Prezir – Serbian for Contempt are a three piece from Milwaukee Wisconsin who worship at the black altar of Early 90’s extremity. They cite Emperor, Enslaved, Grand Belials Key and Deicide amongst their influences and seek to show contempt for modern metal. Hmmmm.

It would appear part of their contempt for modern metal is using a producer that knows what they are doing , deciding to handle it themselves for that kvlt DIY edge. (For that read tinny drums and wasp in a bottle guitars). So far so demo – but that garners extra Troo points in the Top Trumps world of extremity these days.

The album begins with an acoustic track “This is How God loves You” which features a tinny sample telling of a rape of a young girl by a priest. It is played for shock and awe rather than making a wider statement about religion and abuse and as such comes across as crass and benign rather than the biting Bentonesque comment I think they were hoping for. First track proper “Devotee Decree” is a mishmash of black and death metal held together by wafer thin riffs. The vocal style flits between early death metal and very early Emperor but with little conviction. The sound is muddy and uneven rather than cold and stark. “Holy Men of Putridity” is more of the same but built around a spiralling top heavy guitar sound. This track holds in its hands more atmosphere than those that came before but the hollow drum sound gives it an air of passionless folly – something I do not believe is what the trio were trying to convey.

Just as I think there is little hope to be found here “The Legend of the Five Suns” drops. Now this I can get behind. The rawness feels real. The passion is evident and my right hand can go into orange squeezing meltdown. This sounds like a great, lost BM demo from the early 90’s. All nihilistic passion and drunken hatred. Great. The solo in the middle is awful but good awful if you know what I mean.  “Dar al Harb” that follows has a hint of Eastern Promise – a la Nile not Fry’s Turkish Delight. There are even hints of Cradle of Filth’s early works in the guitar arrangement and vocal stylings.
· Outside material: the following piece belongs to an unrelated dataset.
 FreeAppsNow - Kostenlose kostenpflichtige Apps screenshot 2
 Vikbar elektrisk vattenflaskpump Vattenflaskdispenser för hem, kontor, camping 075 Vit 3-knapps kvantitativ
Maybe it should be Dan Al Harb?

“Serpents in the House of Ra” continues the theme . A thrashing rip roaring trip round the pyramids ensues and rounds off the better second half of this E.P.

This band love the past sure but our ears shouldn’t have to put up with the sound of 4th generation tape copies. A flawed release made even more so by awful production.  Less Kvlt and clutter more riffs and shmutter please guvnor. Contemptuous.